Almanya’da yapılan bir deneyde, Meryem takma adını kullanıp başörtülü fotoğrafla gönderdiği iş başvurularının hiçbirine yanıt alamadı. Başörtüsünü çıkarıp Sandra adını kullanan kadının kabul edilme oranı en yükseğe çıktı.
Karar'ın haberine göre, Almanya, özellikle geçen yıldan beri İslam karşıtı aşırı sağ hareketlerin yükselişine şahit oluyor. Bunun son örneği, ırkçı Almanya için Alternatif (AfD) partisinin haftasonu yapılan Berlin eyalet seçimlerinde yüzde 14 oy almasıyla görüldü. Ülkedeki Çalışma Araştırmaları Enstitüsü tarafından yapılan bir sosyal deney, İslam karşıtlığının ne kadar yaygın olduğunu gözler önüne serdi.
Deneyde, aynı kişi üç farklı kimlikle sekreterlik gibi ofis işlerinde eleman arayan firmalara iş başvuruları gönderdi. Meryem Öztürk ve Sandra Braun adlarını kullanan kişi ‘Meryem’ olarak gönderdiği iş başvurularının bir kısmında başörtülü, bir kısmında ise başı açıktı. Yollanan başvurularda eğitim durumu, iş tecrübesi ve kişisel bilgiler bire bir aynı tutuldu. Toplamda bin 500’e yakın iş başvurusu yollandı.
Başörtülü Meryem, gönderdiği başvuruların yalnızca yüzde 4’üne yanıt alabildi. Başörtüsüz Meryem’de bu oran yüzde 13.5’e çıkarken, Sandra ise başvurularının yüzde 19’una yanıt aldı.
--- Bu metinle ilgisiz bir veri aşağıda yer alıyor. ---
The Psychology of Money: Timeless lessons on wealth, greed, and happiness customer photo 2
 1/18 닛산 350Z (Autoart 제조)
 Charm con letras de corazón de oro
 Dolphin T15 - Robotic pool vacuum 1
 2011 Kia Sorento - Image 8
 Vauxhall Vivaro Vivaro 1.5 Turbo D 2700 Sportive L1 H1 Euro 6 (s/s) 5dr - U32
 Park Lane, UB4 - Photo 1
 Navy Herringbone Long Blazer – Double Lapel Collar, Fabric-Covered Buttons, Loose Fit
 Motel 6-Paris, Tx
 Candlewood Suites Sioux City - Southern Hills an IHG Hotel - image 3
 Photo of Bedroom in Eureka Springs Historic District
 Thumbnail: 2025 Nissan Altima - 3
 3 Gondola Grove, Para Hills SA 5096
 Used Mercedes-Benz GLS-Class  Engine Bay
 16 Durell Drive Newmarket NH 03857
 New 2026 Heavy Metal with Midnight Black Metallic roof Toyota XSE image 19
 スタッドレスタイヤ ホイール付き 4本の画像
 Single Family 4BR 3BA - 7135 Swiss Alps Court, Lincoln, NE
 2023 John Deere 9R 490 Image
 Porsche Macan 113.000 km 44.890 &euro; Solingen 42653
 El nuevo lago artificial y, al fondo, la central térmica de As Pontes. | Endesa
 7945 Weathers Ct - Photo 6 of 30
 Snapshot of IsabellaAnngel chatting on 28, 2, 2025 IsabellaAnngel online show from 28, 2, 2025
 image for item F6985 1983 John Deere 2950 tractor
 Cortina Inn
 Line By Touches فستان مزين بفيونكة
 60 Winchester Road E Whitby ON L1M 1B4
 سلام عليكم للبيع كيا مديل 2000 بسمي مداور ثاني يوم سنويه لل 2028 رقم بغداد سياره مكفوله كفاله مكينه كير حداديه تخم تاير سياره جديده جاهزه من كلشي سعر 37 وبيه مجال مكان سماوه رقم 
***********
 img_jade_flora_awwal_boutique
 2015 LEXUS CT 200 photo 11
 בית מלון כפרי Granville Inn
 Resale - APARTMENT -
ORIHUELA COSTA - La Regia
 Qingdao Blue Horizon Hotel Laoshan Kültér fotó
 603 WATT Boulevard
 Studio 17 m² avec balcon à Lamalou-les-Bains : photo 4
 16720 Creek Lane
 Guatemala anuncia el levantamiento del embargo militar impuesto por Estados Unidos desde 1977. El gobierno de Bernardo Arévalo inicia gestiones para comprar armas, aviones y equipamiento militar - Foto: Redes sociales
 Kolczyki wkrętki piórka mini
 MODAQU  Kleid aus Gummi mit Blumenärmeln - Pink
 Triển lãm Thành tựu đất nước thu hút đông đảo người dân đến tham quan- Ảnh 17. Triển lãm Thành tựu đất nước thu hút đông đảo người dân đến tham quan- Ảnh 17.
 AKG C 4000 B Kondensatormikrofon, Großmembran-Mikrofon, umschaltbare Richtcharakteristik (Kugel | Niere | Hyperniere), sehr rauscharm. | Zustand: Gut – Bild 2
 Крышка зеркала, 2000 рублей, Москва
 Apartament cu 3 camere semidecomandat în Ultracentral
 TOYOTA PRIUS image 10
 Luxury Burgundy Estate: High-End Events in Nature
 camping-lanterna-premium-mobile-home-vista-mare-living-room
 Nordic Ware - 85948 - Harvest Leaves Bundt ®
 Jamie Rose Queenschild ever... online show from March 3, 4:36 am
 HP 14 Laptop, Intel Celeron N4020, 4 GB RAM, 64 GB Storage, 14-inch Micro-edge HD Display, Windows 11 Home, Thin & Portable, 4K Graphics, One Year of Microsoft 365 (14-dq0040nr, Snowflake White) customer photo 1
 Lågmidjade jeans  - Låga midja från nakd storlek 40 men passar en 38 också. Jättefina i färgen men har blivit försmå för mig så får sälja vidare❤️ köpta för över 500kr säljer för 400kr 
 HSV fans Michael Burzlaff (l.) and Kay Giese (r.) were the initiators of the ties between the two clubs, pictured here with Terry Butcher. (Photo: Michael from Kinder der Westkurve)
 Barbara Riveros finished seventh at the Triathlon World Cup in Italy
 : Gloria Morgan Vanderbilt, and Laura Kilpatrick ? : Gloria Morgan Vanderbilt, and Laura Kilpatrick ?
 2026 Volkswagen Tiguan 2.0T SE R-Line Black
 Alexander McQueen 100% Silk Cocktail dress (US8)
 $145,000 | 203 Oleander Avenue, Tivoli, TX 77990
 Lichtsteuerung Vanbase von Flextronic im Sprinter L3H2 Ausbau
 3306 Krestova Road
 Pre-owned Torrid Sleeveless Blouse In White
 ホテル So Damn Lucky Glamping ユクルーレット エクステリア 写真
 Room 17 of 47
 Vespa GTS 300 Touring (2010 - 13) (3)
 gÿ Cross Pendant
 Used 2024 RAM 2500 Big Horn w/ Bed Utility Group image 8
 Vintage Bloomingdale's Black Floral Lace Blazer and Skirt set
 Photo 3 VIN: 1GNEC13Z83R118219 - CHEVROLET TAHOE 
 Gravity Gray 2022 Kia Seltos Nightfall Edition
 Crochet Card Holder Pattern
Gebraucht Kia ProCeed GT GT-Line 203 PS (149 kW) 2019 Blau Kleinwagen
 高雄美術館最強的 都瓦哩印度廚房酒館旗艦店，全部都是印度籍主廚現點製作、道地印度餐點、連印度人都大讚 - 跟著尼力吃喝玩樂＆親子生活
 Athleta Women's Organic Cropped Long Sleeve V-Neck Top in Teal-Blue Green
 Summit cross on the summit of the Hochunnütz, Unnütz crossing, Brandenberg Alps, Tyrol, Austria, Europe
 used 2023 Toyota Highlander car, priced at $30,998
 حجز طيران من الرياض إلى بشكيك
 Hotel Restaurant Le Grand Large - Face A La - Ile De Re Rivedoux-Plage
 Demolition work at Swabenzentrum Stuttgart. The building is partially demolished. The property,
Çalışma Araştırmaları Enstitüsü’nün raporunda, ortaya çıkan ayrımcılığın nedeni olarak başörtüsünün radikalizm ve terörle ilişkilendirilmesi gösterildi. Ayrıca başörtüsünün, Alman toplumuna uyumsuzluk ve kadına yönelik bir baskı unsuru olarak algılandığı kaydedildi.
Almanya’da haftasonu yapılan Berlin eyalet seçimlerinde, aşırı sağ Almanya için Alternatif (AfD) partisinin aldığı yüzde 14’lük oyun yankıları sürüyor. Avrupa medyasında yapılan yorumlarda, Almanya’da çok kültürlülüğün en yaygın, aşırı sağın en zayıf olduğu bölge konumundaki Berlin’deki seçim sonuçları, aşırı sağın siyasetin merkezine yerleştiği şeklinde yorumlanıyor.
Politico dergisinde, Berlin seçimlerinde birinci olan Sosyal Demokrat Parti’nin (SPD) yüzde 21 oy aldığına dikkat çekiliyor ve “Merkez partileriyle aşırı sağ ve aşırı sol arasında şartlar eşitlendi” yorumu yapılıyor. Merkel’in lideri olduğu Hristiyan Birlik (CDU), yüzde 17’yle Berlin’de tarihinin en düşük oyunu almıştı. Daha önce SPD ve CDU’nun Berlin’de yüzde 40 civarında oy aldığı belirtiliyor.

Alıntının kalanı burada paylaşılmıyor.